Fish Audio API

The Fish Audio API provides RESTful access to text-to-speech, speech-to-text, voice cloning, and voice management capabilities backed by the Fish Audio S2-Pro model. Endpoints support streaming low-latency generation, multilingual synthesis across 30+ languages, emotion control, and on-the-fly custom voice creation from short reference clips. The API is consumed through the Fish Audio Python, Go, and TypeScript SDKs and a community of integrations including n8n.

API entry from apis.yml

apis.yml Raw ↑
aid: fish-audio:fish-audio-api
name: Fish Audio API
description: The Fish Audio API provides RESTful access to text-to-speech, speech-to-text, voice cloning,
  and voice management capabilities backed by the Fish Audio S2-Pro model.
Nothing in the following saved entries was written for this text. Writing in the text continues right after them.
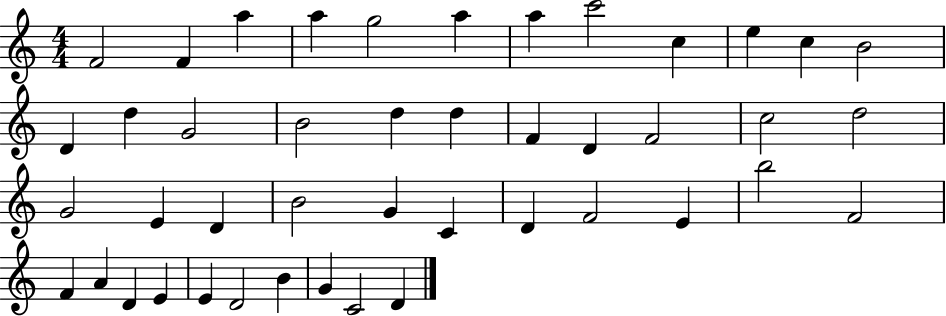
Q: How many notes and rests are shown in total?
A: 44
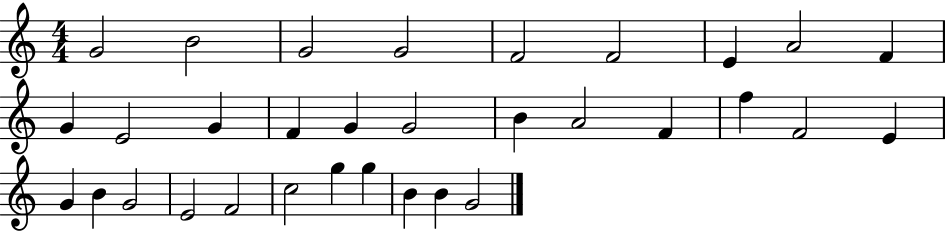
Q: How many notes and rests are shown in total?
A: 32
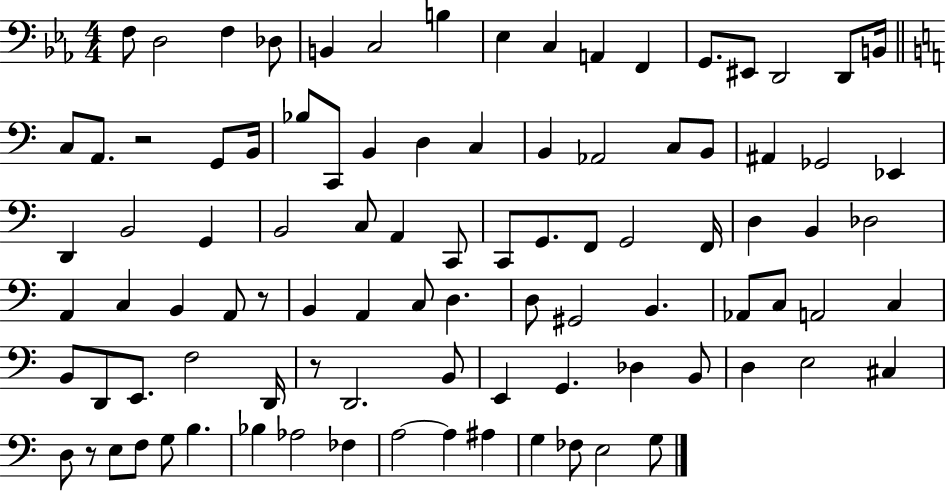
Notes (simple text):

F3/e D3/h F3/q Db3/e B2/q C3/h B3/q Eb3/q C3/q A2/q F2/q G2/e. EIS2/e D2/h D2/e B2/s C3/e A2/e. R/h G2/e B2/s Bb3/e C2/e B2/q D3/q C3/q B2/q Ab2/h C3/e B2/e A#2/q Gb2/h Eb2/q D2/q B2/h G2/q B2/h C3/e A2/q C2/e C2/e G2/e. F2/e G2/h F2/s D3/q B2/q Db3/h A2/q C3/q B2/q A2/e R/e B2/q A2/q C3/e D3/q. D3/e G#2/h B2/q. Ab2/e C3/e A2/h C3/q B2/e D2/e E2/e. F3/h D2/s R/e D2/h. B2/e E2/q G2/q. Db3/q B2/e D3/q E3/h C#3/q D3/e R/e E3/e F3/e G3/e B3/q. Bb3/q Ab3/h FES3/q A3/h A3/q A#3/q G3/q FES3/e E3/h G3/e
Endpoints support streaming
  low-latency generation, multilingual synthesis across 30+ languages, emotion control, and on-the-fly
  custom voice creation from short reference clips. The API is consumed through the Fish Audio Python,
  Go, and TypeScript SDKs and a community of integrations including n8n.
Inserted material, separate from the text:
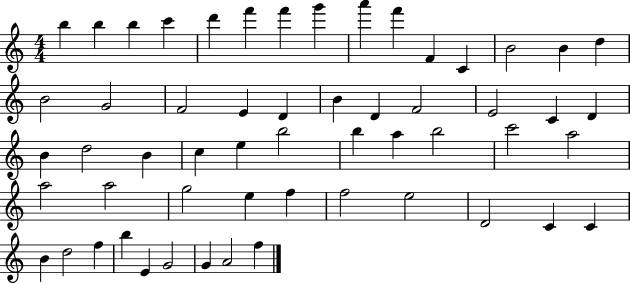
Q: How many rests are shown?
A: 0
humanURL: https://docs.fish.audio
baseURL: https://api.fish.audio
tags:
- Text to Speech
- Voice Cloning
- Speech to Text
- Streaming
- REST
- Audio
properties:
- type: Documentation
  url: https://docs.fish.audio
- type: GettingStarted
  url: https://docs.fish.audio/quickstart
- type: Playground
  url: https://fish.audio/discovery
- type: SDK
  url: https://github.com/fishaudio/fish-audio-python
- type: SDK
  url: https://github.com/fishaudio/fish-audio-go
- type: GitHubOrganization
  url: https://github.com/fishaudio
features:
- name: Text-to-Speech Generation
  description: Synthesize natural, emotionally expressive speech from text using the Fish Audio S2-Pro
    model across 30+ languages.
- name: Voice Cloning
  description: Create custom voice models from as little as 15 seconds of reference audio for downstream
    TTS.
- name: Speech-to-Text Transcription
  description: Transcribe audio with multispeaker detection and emotion tagging metadata.
- name: Streaming Audio
  description: Low-latency streaming responses suitable for real-time agent, IVR, and live narration use
    cases.
- name: Emotion and Prosody Control
  description: Inline emotion tags (angry, sad, excited) and special effects (laughing, sobbing) for expressive
    output.
- name: Multilingual Synthesis
  description: Native support for English, Mandarin, Japanese, Korean, and more than 25 additional languages.
- name: Voice Library
  description: Access to a hosted library of more than two million pre-built voices for instant TTS generation.
useCases:
- name: Audiobook and Podcast Production
  description: Generate full-length narrated content with multi-character voices via Story Studio workflows.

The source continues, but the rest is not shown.